The computer program instructions may also be loaded onto a computer, other programmable data processing apparatus, or other devices to cause a series of operational steps to be performed on the computer, other programmable apparatus or other devices to produce a computer implemented process such that the instructions which execute on the computer or other programmable apparatus provide processes for implementing the functions/acts specified in the flowchart and/or block diagram block or blocks.

FIG. 1 is a flowchart illustrating a method for enabling context aware enhancement for automatic electronic mail reply to mitigate risk in accordance with an embodiment of the inventive arrangements disclosed herein. Method 100 can be performed in the context of system 200.

As used herein, an automatic reply can be a programmatically generated text exchange message responsive to an email receipt. It should be appreciated that automatic reply can include, but is not limited to, an out-of-office automated email, an automatic reply notification, and the like. Automatic reply can be enabled and/or disabled for an email account, a set of email accounts, and the like. In one instance, automatic reply can be an email message associated with an email address of a user account within a computing system. In one embodiment, automatic reply can be associated with settings, user preferences, historic behavioral context, a behavior baseline, and the like.

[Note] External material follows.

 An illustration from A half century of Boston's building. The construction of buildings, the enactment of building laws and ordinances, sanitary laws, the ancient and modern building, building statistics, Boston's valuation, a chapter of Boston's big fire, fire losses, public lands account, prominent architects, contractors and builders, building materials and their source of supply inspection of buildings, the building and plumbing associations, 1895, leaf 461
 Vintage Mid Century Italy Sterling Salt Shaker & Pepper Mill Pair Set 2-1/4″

As used herein, email can be a text exchange message conveyed from a sender to a recipient. Email can include, but is not limited to, a header, a subject, a message body, a signature, a metadata, a timestamp, a message identifier and the like. In one instance, email can include, but is not limited to, a blind carbon copy address, a carbon copy address, and the like. It can be appreciated that email can include file attachments.

Historic correspondence can be one or more text exchange messages conveyed from the recipient to a sender. Correspondence can include, but is not limited to, a header, a subject, a message body, a signature, a metadata, a timestamp, a message identifier, and the like. In one instance, correspondence can include, but is not limited to, a blind carbon copy address, a carbon copy address, and the like. It can be appreciated that correspondence can include file attachments.

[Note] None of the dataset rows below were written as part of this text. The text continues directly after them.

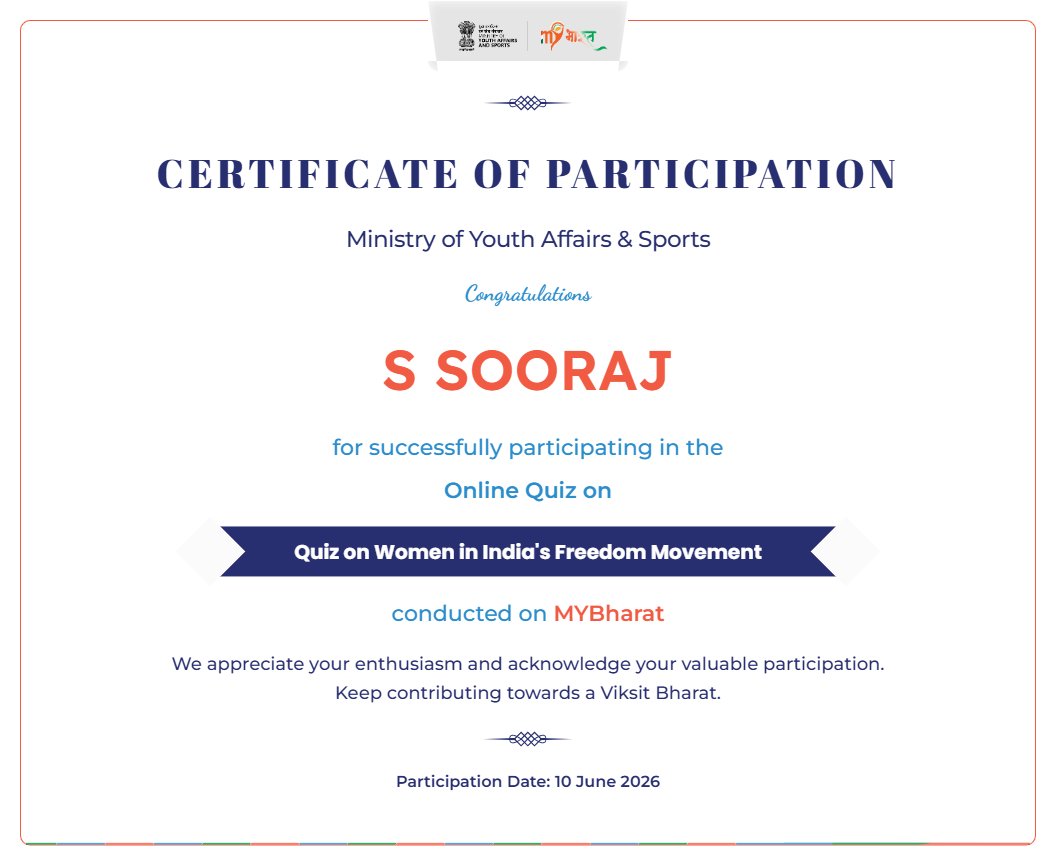 sjthegr8's tweet photo. Proud to receive my Certificate of Participation from the Independence Day Celebration (IDC) 2026 on the MY Bharat Portal! 🇮🇳
#IDC2026 #IndependenceDay2026 #MYBharat #HarGharTiranga #IndiaAt79 #ProudIndian #RedFort #NewIndia  #IndependenceDay2026 #ProudIndian https://t.co/6sXHr1QBRP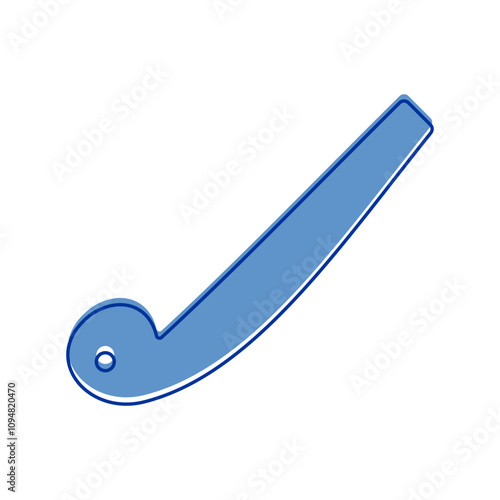 Simple sewing curve ruler vector illustration, dressmaking curve ruler illustration in hand drawn style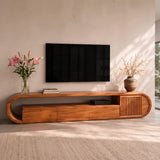 Modern TV Stand with 3 Drawers, Open Shelf & Fluted Cabinet | Curved Media Console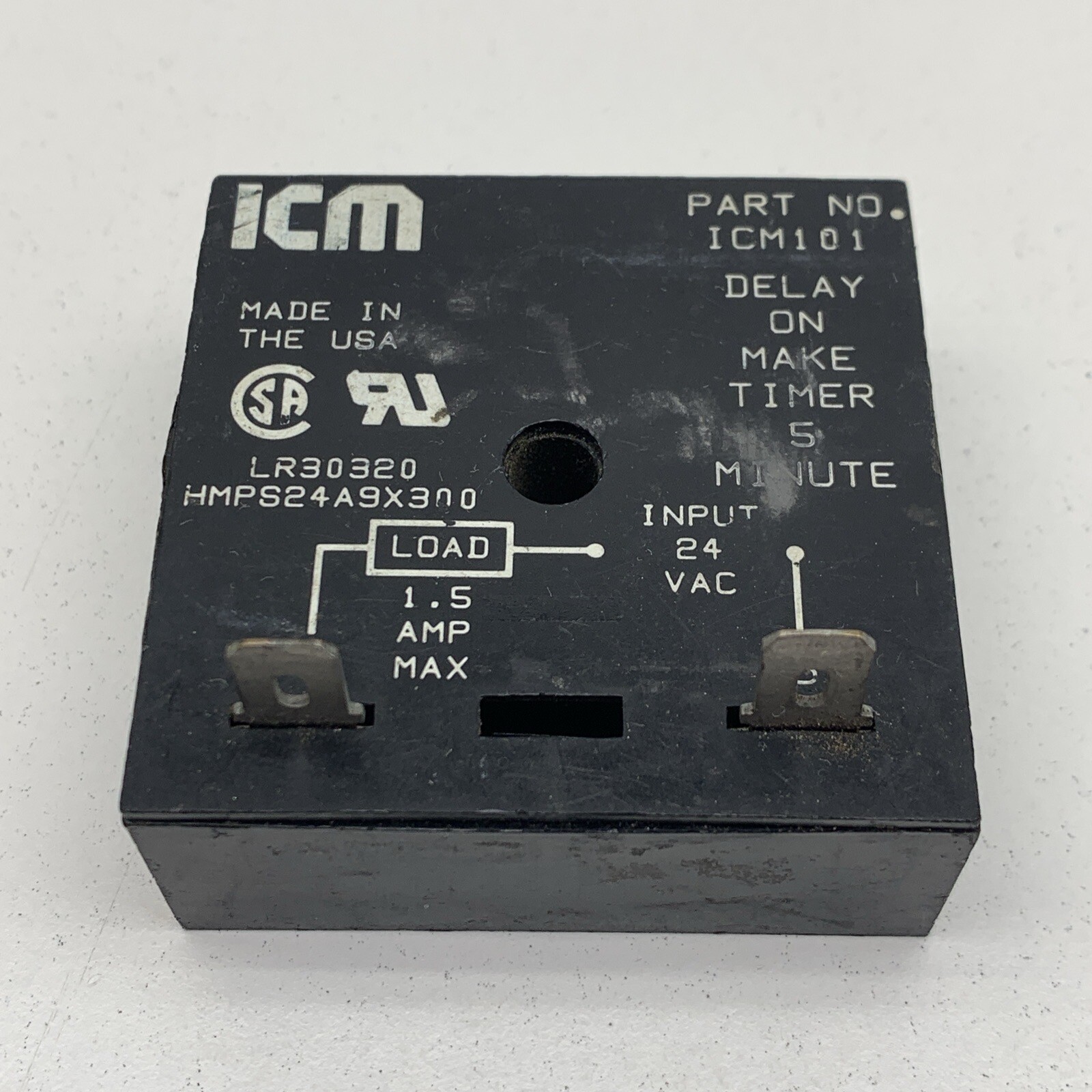 ICM HMPS24A9X300 Thermal Time Delay Relay 24VAC 5-Minutes LR30320 ICM101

In method 100, an email conveyed from a sender to a recipient can be analyzed to determine an appropriate automatic reply. In one instance, the automatic reply can be appropriately sent and/or constructed based on a previously established recipient behavior baseline. In one instance, a previously established recipient behavior baseline can be a portion of a monitored context. In the instance, the monitored context can include, but is not limited to behavior metrics, usage patterns, and the like. Usage patterns and/or behavior metrics can include, but is not limited to, subject word selection, message body length, language usage, and the like. For example, the behavior metrics such as time to respond to an email and subject length can be collected from recipient emails over a period of weeks and a baseline for the recipient can be established. It should be appreciated that context can include metrics specific to a sender, a group of senders (e.g., distribution list), and the like.

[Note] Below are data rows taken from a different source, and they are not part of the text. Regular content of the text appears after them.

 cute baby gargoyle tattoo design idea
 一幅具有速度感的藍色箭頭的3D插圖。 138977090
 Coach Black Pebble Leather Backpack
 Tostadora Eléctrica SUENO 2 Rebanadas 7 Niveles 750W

In step 105, an email to a recipient can be received from a sender. In step 110, a recipient can have an automatic reply (e.g., out-of-office) set for their email account. It should be appreciated that automatic reply can be manually and/or automatically set. In one embodiment, automatic reply can be set via an email client utilized by the recipient. For example, an out-of-office assistant can be enabled within Microsoft Outlook to allow automated replies to the recipient's email address while the recipient is absent from their office. In step 115, historically collected behavioral context can be selected for the recipient. In one instance, behavioral context can be obtained from email client settings, email client interactions, email server message analysis, and the like. For example, historical behavioral context for a sender the recipient frequently communicates with can be captured from email client-server communication which can indicate the recipient always replies within an hour of receiving an email from the sender. In step 120, the email can be analyzed to determine automated reply risk using behavioral context. For example, based on historic email conversations a context for the email (and or an email conversation) can be determined and a risk assessment for replying to the email can be established. In one instance, a risk score can be established utilizing historic behavior, current context for the email, and the like. In the instance, one or more weighting factors can be applied to email attributes including, but not limited to, reply to sender frequency, reply length, subject heading, and the like. In one embodiment, email attributes can be evaluated (e.g., based on weighting factor) by a traditional and/or proprietary risk assessment algorithm to determine a risk score associated with the email. For example, a composite risk index can be computed for an email to determine a risk score and can be evaluated against a corporate wide risk threshold. It should be appreciated that risk score can be a numeric value, an alphanumeric value, and the like.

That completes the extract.